→ YOUR TASK
Retype, exactly and with nothing added, the lines from the one showing "Kirk Hammet Purple" through the final line of the material. Omit pictures.

→ DATA EXTRACT

□ □ □ □ □

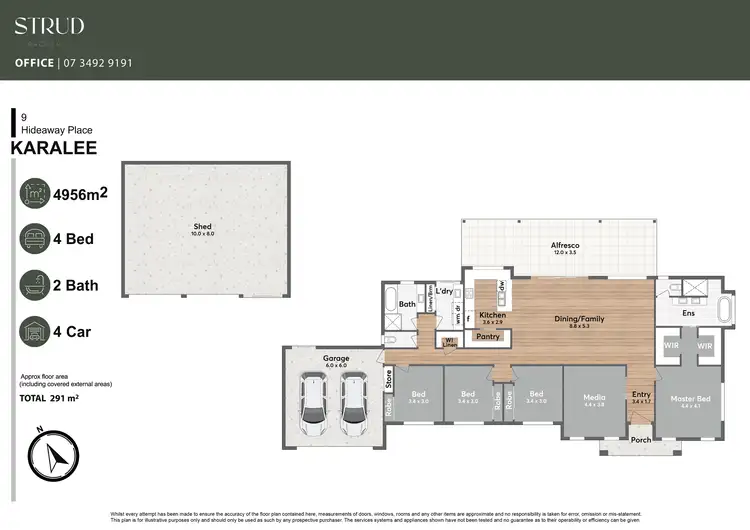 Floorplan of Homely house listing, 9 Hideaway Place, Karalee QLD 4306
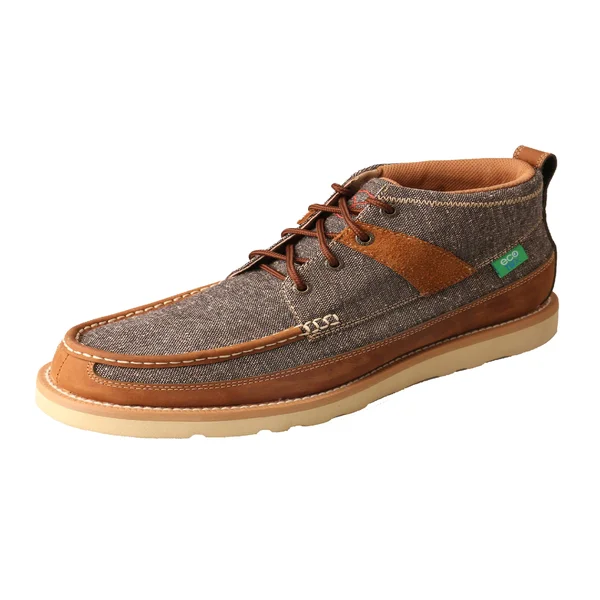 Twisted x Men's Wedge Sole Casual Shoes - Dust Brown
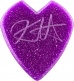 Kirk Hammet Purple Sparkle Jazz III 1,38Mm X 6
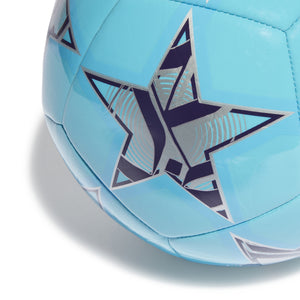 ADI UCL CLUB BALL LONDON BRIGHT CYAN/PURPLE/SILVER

□ □ □ □ □

→ RESULT FOR THIS EXERCISE
 Kirk Hammet Purple Sparkle Jazz III 1,38Mm X 6
 ADI UCL CLUB BALL LONDON BRIGHT CYAN/PURPLE/SILVER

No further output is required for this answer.